Il viaggio in Iraq, dice Papa Francesco, è stato un’esperienza di fraternità autentica, sia a livello interreligioso, sia all’interno della stessa comunità cristiana
di Michele Brambilla
L’udienza di mercoledì 10 marzo è dedicata, come accade di consueto dopo un importante viaggio apostolico, alla valutazione del recente pellegrinaggio di Papa Francesco in Iraq. Il Pontefice confida: «ho sentito forte il senso penitenziale di questo pellegrinaggio: non potevo avvicinarmi a quel popolo martoriato, a quella Chiesa martire, senza prendere su di me, a nome della Chiesa Cattolica, la croce che loro portano da anni; una croce grande, come quella posta all’entrata di Qaraqosh. L’ho sentito in modo particolare vedendo le ferite ancora aperte delle distruzioni, e più ancora incontrando e ascoltando i testimoni sopravvissuti alle violenze, alle persecuzioni, all’esilio», ma il Santo Padre ha potuto constatare anche la grande gioia con la quale i cristiani iracheni testimoniano ogni giorno la loro fede. La gente «aspettava» la visita papale da almeno cinque anni, «e nei loro occhi c’era la speranza» teologale.

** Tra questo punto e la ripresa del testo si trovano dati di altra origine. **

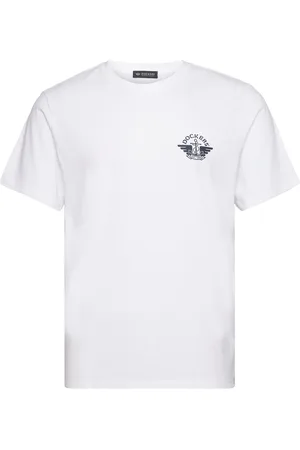 Dockers Graphic Tee Graphic Tops T-shirts Short-sleeved White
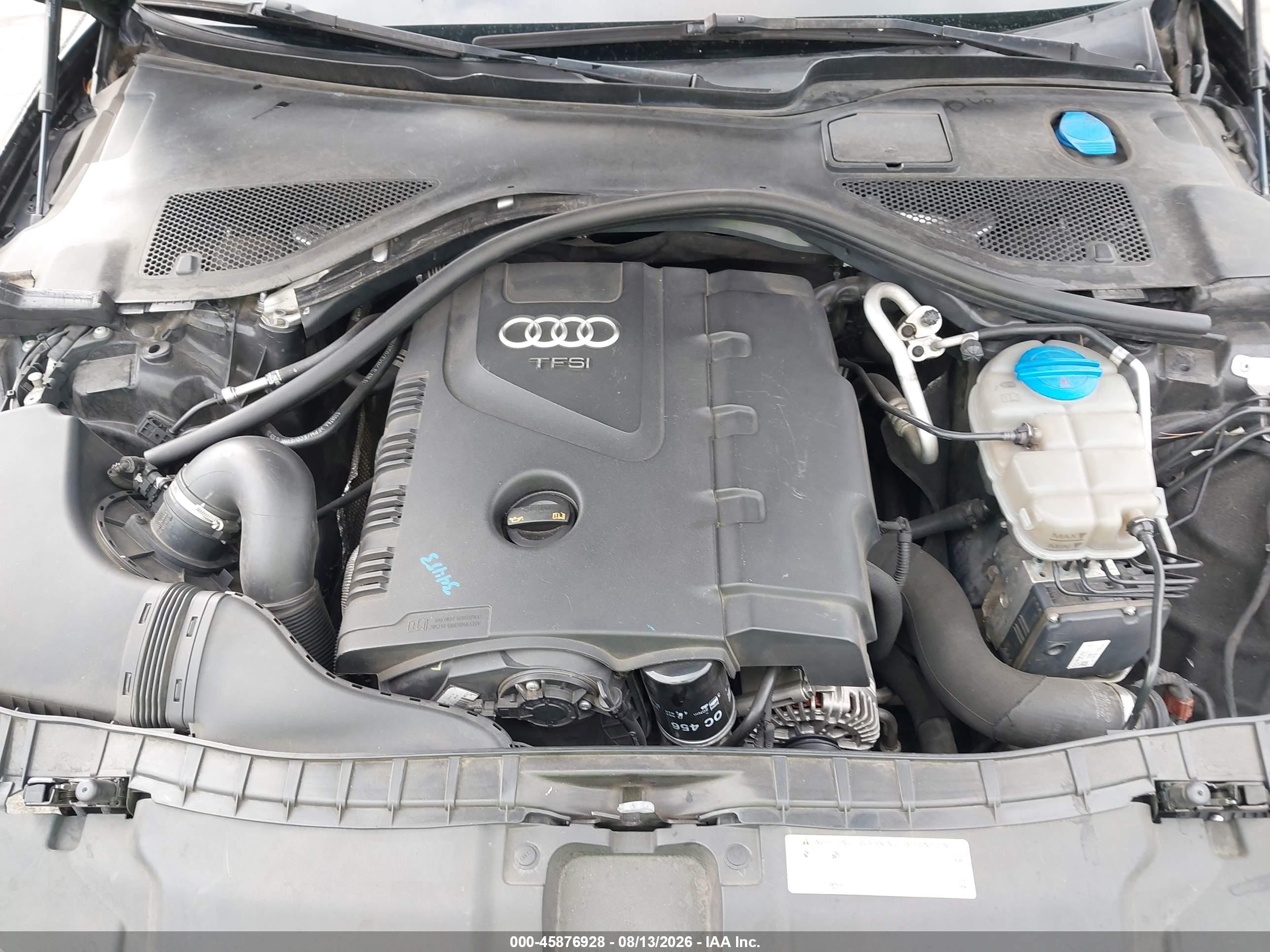 2013 Audi A6 2.0t Premium Black vin: WAUGFAFC7DN094758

Il Papa ribadisce: «il popolo iracheno ha diritto a vivere in pace, ha diritto a ritrovare la dignità che gli appartiene. Le sue radici religiose e culturali sono millenarie: la Mesopotamia è culla di civiltà; Baghdad è stata nella storia una città di primaria importanza, che ha ospitato per secoli la biblioteca più ricca del mondo. E che cosa l’ha distrutta? La guerra. Sempre la guerra è il mostro che, col mutare delle epoche, si trasforma e continua a divorare l’umanità», ma le responsabilità cambiano a seconda degli attori che calcano la scena della vicenda umana. Il Pontefice chiede: «chi vendeva le armi ai terroristi? Chi vende oggi le armi ai terroristi, che stanno facendo stragi in altre parti, pensiamo all’Africa per esempio? È una domanda a cui io vorrei che qualcuno rispondesse. La risposta non è la guerra ma la risposta è la fraternità. Questa è la sfida per l’Iraq, ma non solo: è la sfida per tante regioni di conflitto e, in definitiva, è la sfida per il mondo intero: la fraternità».
Riecheggiano i toni del documento sulla fratellanza umana di Abu Dhabi, ma anche dell’enciclica Fratelli tutti, che hanno trovato ulteriore conferma nell’incontro interreligioso avvenuto tra le rovine di Ur dei Caldei, città sumera dalla quale partì il patriarca Abramo: «Abramo è padre nella fede perché ascoltò la voce di Dio che gli prometteva una discendenza, lasciò tutto e partì. Dio è fedele alle sue promesse e ancora oggi guida i nostri passi di pace, guida i passi di chi cammina in Terra con lo sguardo rivolto al Cielo. E a Ur, stando insieme sotto quel cielo luminoso, lo stesso cielo nel quale il nostro padre Abramo vide noi, sua discendenza, ci è sembrata risuonare ancora nei cuori quella frase: Voi siete tutti fratelli», il “motto” dell’intero viaggio in Iraq. Il Papa rimarca che «l’occupazione dell’Isis ha causato la fuga di migliaia e migliaia di abitanti, tra cui molti cristiani di diverse confessioni e altre minoranze perseguitate, specialmente gli yazidi. È stata rovinata l’antica identità di queste città. Adesso si sta cercando faticosamente di ricostruire; i musulmani invitano i cristiani a ritornare, e insieme restaurano chiese e moschee. Fratellanza, è lì», una fratellanza molto concreta, alla quale esorta tutti sull’esempio dei cattolici polacchi: «vi ringrazio per le preghiere con le quali mi avete accompagnato in questo pellegrinaggio. Ringrazio anche per la vostra opera di misericordia in favore dei cristiani in Iraq e, particolarmente, a Mosul. Vi incoraggio a pregare per la fraternità e la pace nel mondo intero».